As it has been possible to determine, there is a balance, regarding the number of observations depicted in Image 4, among the clusters. With some extra lines of code, shown in Image 5, is possible to show the clusters in a graph. Figure 2 has a depiction of both clusters based on two variables, the Income and the amount of money spent on meat products that is called MntMeatProducts. Both variables were selected because they have a significant p-value when one-way ANOVA tests were carried out independently for each variable. Figure 3 contains the graph created with the fviz_cluster function which deploys the created segments using the first two principal components, defined through PCA methodology, to define each axis. 

Additionally, it is possible to make a graph similar to the one shown in Figure 2 but now with a third variable which is the number of purchases made through the web page. Again this third variable was included because also got a significant p-value when the one-way ANOVA was run. 

Now that we have defined the clusters, it is time to analyze with which variables both clusters significantly differ. Given that there are a lot of potential dependent variables, a MANOVA test was run in order to get the desired output just with a few lines of code. Image 6 contains the code used to run the MANOVA. First, it was necessary to create a matrix just with the dependent variables; then, the test was run in order to get the level of significance of each variable of the dataset as dependent variables, related to the clusters as the unique independent variable. 

Table 1  contains the result of the MANOVA for a sample of dependent variables of the whole dataset. It is possible to highlight that variables like income or the number of purchases done through the catalog (# Catalog Purchases) or the web (# Web Purchases) have a significant difference between both clusters; while, for other variables such as recency (number of days since the last purchase), martial status or if the customer complained or not, the clusters did not significantly differ. 

After cluster and ANOVA assessments have been done, now it is time to perform linear regressions in order to determine possible and significant relationships between some variables within the data set. Following this purpose, it has been aimed to figure out which category of products is more significant related with the yearly income of the customers. In our dataset we have the following product categories and the amount of money spend by customer within the last 2 years:

• Wines
• Gold products
• Fruits
• Meat Products
• Fish Products
• Sweet Products

To carry out this task, 6 independent regression analysis have been done where on each, the dependent variable was the amount of money spend on each category, and the independent variable was the customers’ income. After all this computation where done, was possible to determine that the performance of the category that is the best “explained” by the income was the meat products.

Both pictures from above, shows the output of the individual regression analysis of the meat products category. At a first glance it is possible to highlight the p-value which is small enough and at the same time the R squared which is quite close to 0.48.  The p-value indicates that in fact there is a significant relationship between both variables so therefore the probability to have a slope equal to 0 is very small. A R square of 0.48 is equal to a R of 0.69, level which is also quite accepted by the literature in order to state that the changes in the dependent variable are explained quite enough by the model.

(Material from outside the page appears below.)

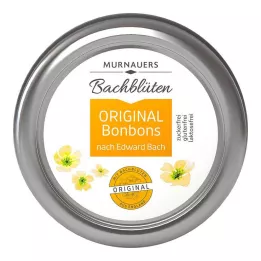 BACHBLÜTEN Bombons Murnauers Original, 50 g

mem_km_kgg <-model_km4_kgg$cluster
Customers_2 <- mutate(Customers_1,Cluster=mem_km_kgg)
View(Customers_2)

Customers_2 %>%
count(Cluster)

So far, a complete marketing analysis has been done. All the computations done could be very useful to organize better a data set of customers based on the information generated by them and recorded by the business. Also, regression techniques all quite useful as well in order to measure the relationship and its significance between two or more variables.